Flash forward 20 years. Wright has taken the buyout, and is traveling to make an appearance at the Futurological Congress, a gathering held in an all animated zone, where hallucinogenic drugs take people to an alternate reality where everything is animated. There, the Congress plans to announce the release of the drug on the mainstream market, where anyone can escape into the animated zone and be anything or anyone they want. Identity is a thing of the past in a world where reality no longer has any meaning. Lost and alone amidst a sea of animated oddities, Wright must reunite find her children, even if it means escaping into reality and losing her only love.


It's a sprawling narrative, but its often scattershot nature is the point. Nothing makes sense anymore, not in this new animated world. And just when you think this thing is about to fly off the psychedelic rails, Folman pulls it all back in, grounding it in real human emotion. That's what's really so fascinating about The Congress; Folman has created a fantastical world like nothing we've ever seen before, where people can be anyone from Marilyn Monroe to Cleopatra, or something completely out of their own dreams (or nightmares), but it's never anything less than completely emotionally engaging. The final impact of this thing is tremendous, blindsiding us with its surprising resonance.

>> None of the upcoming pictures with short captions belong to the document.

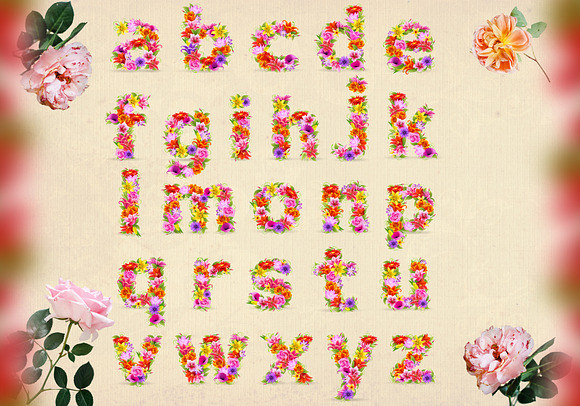 Floral Alphabet Clipart in Objects - product preview 1
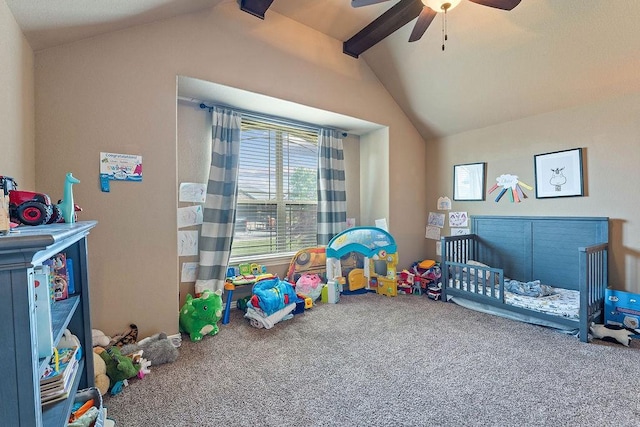 bedroom with carpet flooring and a ceiling fan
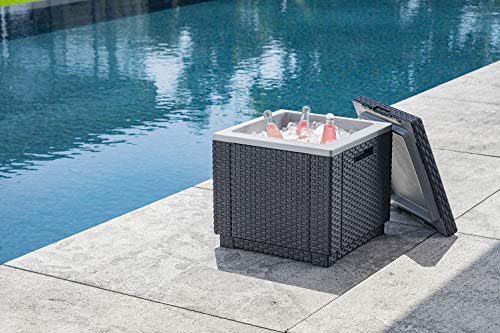 Keter Ice Cube Beer and Wine Cooler Table Perfect for Your Patio, Picnic, and Beach Accessories, Graphite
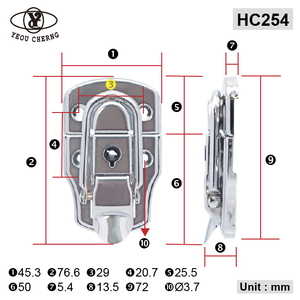 กล่องเครื่องมืออกที่ทันสมัยพร้อมล็อคแบบปรับได้สลักนิเกิลชุบ HC254สังกะสีที่แข็งแกร่ง ROHS ฮาร์ดแวร์พิเศษ - Product Image 2
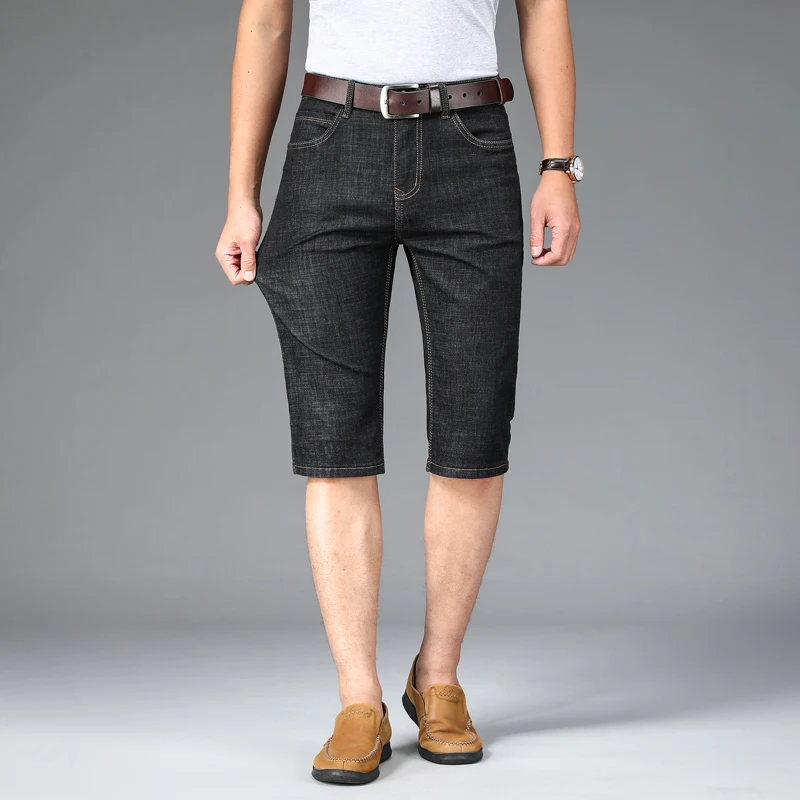 

Summer Business Blue Men Over Knee Denim Shorts Fit Straigh Fashion Classic Black Stretch Calf-Length Blue Jeans Short Male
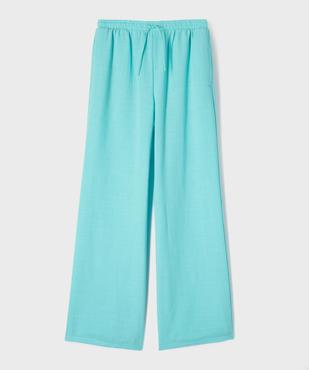 Pantalon large fluide avec taille ajustable fille vue1 - GEMO (JUNIOR) - GEMO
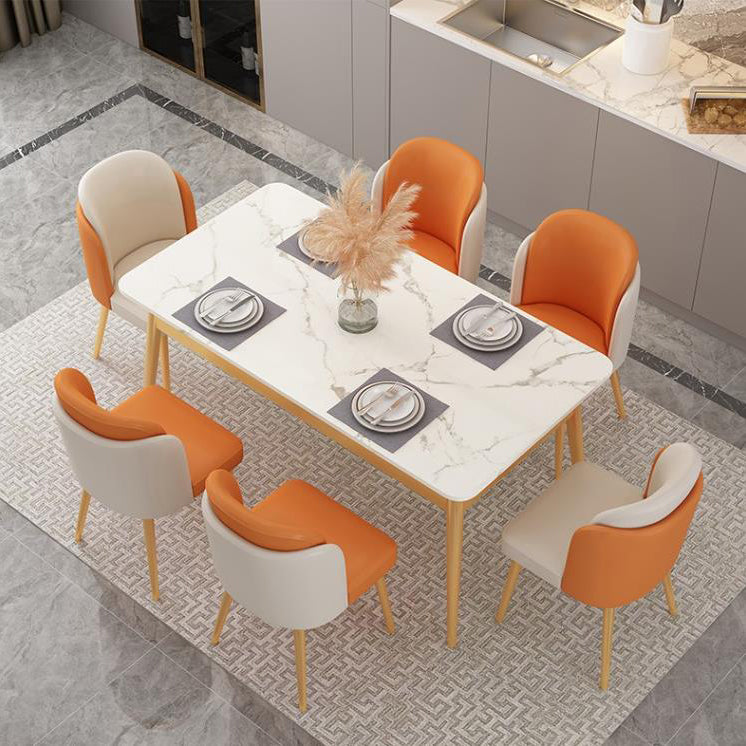 Glam Iron Dining Table Set 1/2/5/7 Pieces Rectangle Dinette Set with White Sintered Stone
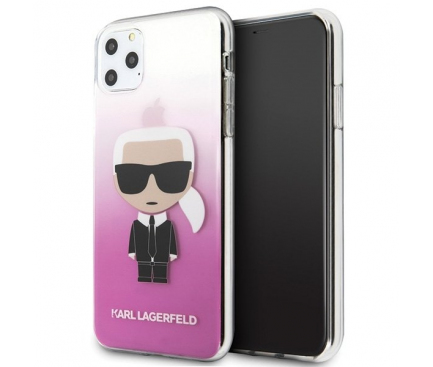 Husa TPU Karl Lagerfeld pentru Apple iPhone 11 Pro Max, Gradient Ikonik Karl, Roz KLHCN65TRDFKPI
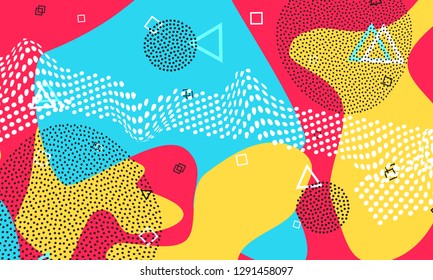 Pop art color background. Memphis pattern of geometric shapes for tissue and postcards. Vector Illustration. Hipster style 80s-90s. Abstract colorful funky background.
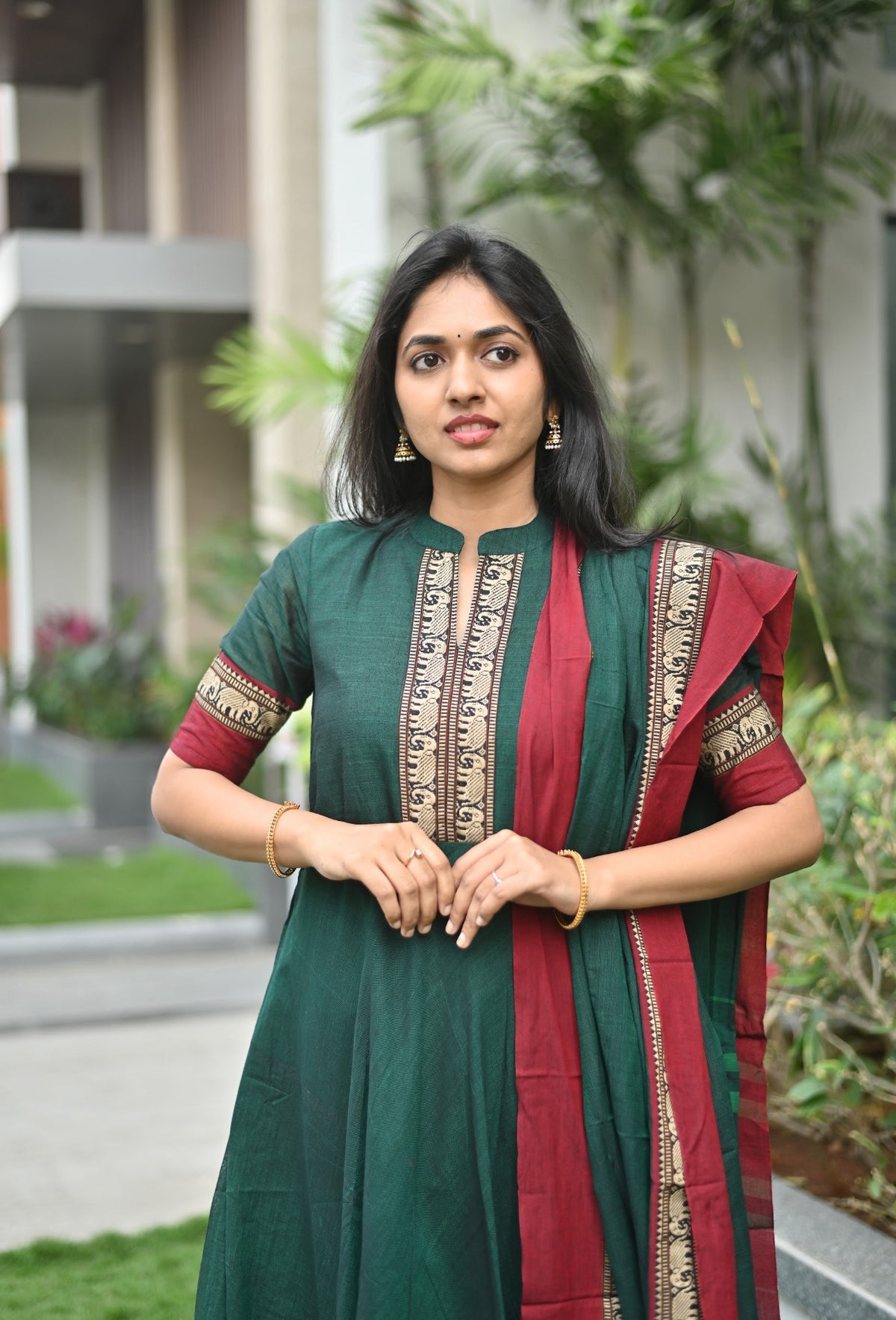 Arti – Green Narayanpet Anarkali with Red Dupatta
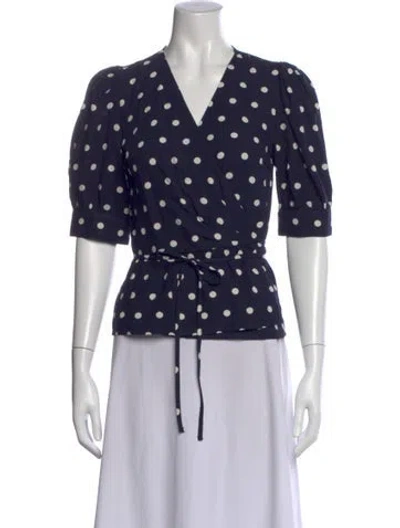 Pre-owned Rouje Polka Dot Print V-neck Blouse In Blue
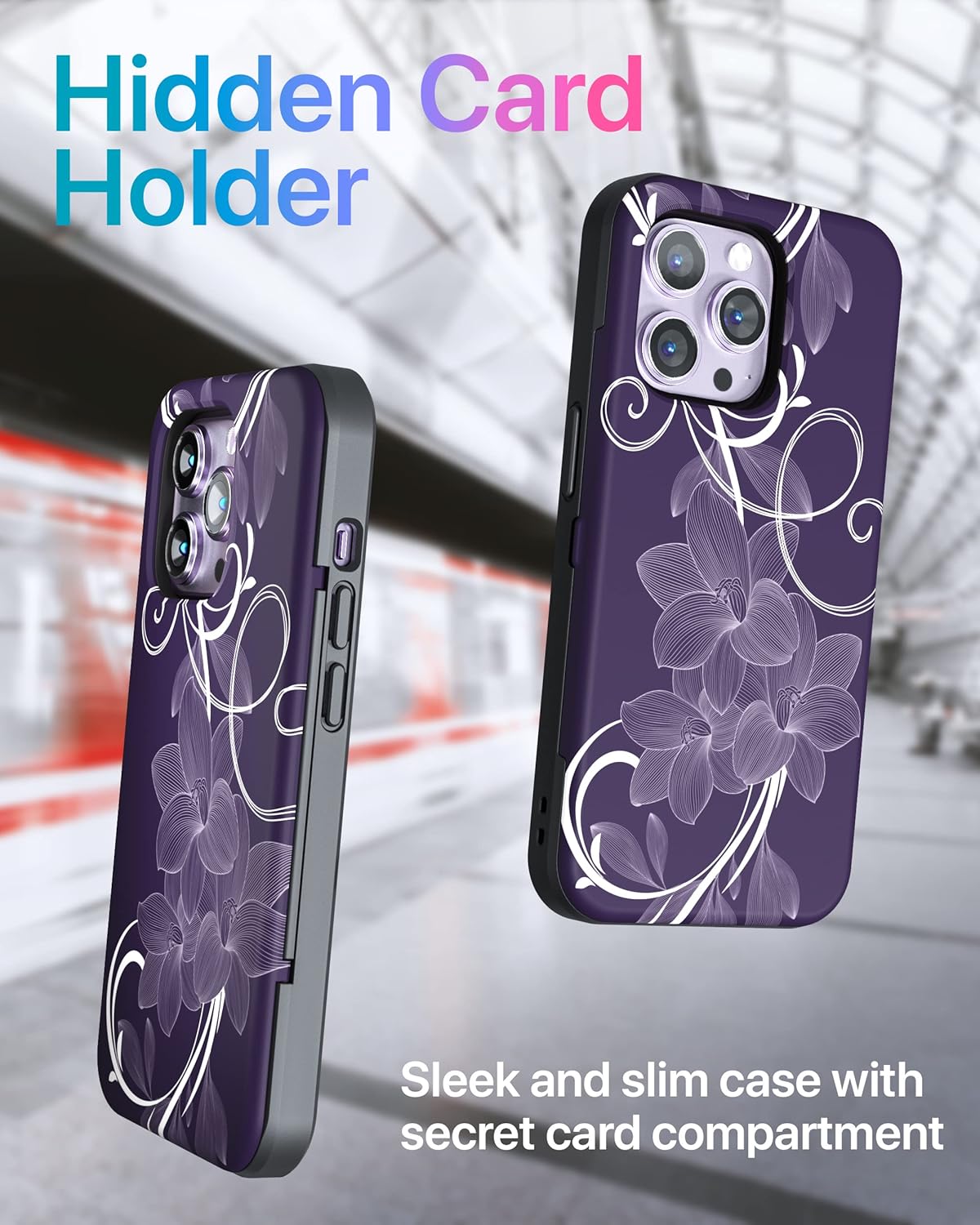 TORU for iPhone 14 Pro Max Wallet Case with Card Holder, Hidden ID Credit Card Slot Flip Kickstand, Slim Fit Shockproof Heavy Duty Phone Cover with Strap - Floral Pattern Flowers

There are moments of such beauty in The Congress that it's almost breathtaking. It's also a bold and incisive satire of our current moviegoing culture. One need only look at this year's highest grossing film, Transformers: Age of Extinction, to see what Folman is skewering here - a world where CGI robots are the stars and the humans are perfunctory at best. Who needs real human emotions anymore when you can do anything with a computer? In The Congress, Folman argues the opposite - those human emotions are what bind us all together. They are essential to our very beings. They are us. And no computer can ever replicate that, no matter how much studios may want to cut corners or churn out yet another soulless blockbuster. This is an extraordinary film, a unique film, the kind of film that reminds us of the true power of science fiction to comment on our society. But it's also a film of very delicate beauty, from Folman's startling imagery to Max Richter's heartbreaking score - The Congress stands as a refreshing reminder of the singular power of cinema.

GRADE - ★★★½ (out of four)

THE CONGRESS | Directed by Ari Folman | Stars Robin Wright, Harvey Keitel, Danny Huston, Paul Giamatti, John Hamm | Not Rated | Now playing in select cities.